= YOUR ASSIGNMENT =
Apart from any images, the entries are to be output exactly.

= DATA FOR THIS EXERCISE =
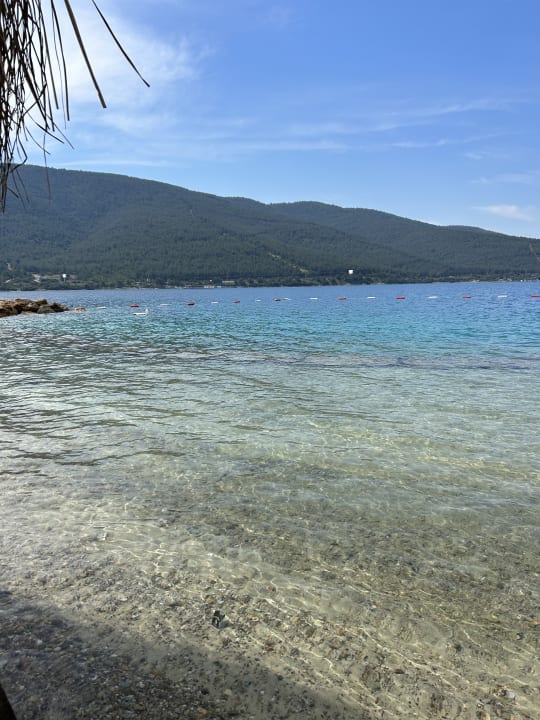 Strand La Blanche Island Bodrum
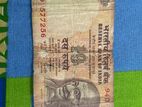 Indian Old Money Note
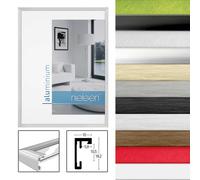 Marco de aluminio Nielsen C2 en diferentes colores y tamaños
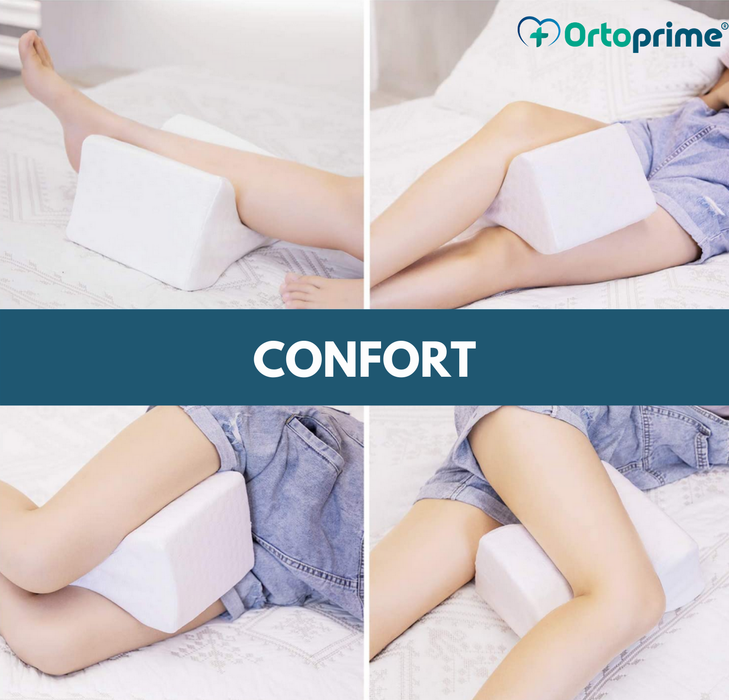 Coussin pour les Jambes | Coussin pour Dormir sur le Côté Confort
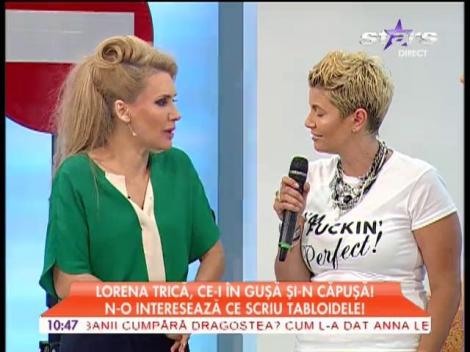 Lorena Trică a renunțat la afaceri pentru copii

= TASK RESPONSE =
 Strand La Blanche Island Bodrum
 Indian Old Money Note
 Marco de aluminio Nielsen C2 en diferentes colores y tamaños
 Coussin pour les Jambes | Coussin pour Dormir sur le Côté Confort
 Lorena Trică a renunțat la afaceri pentru copii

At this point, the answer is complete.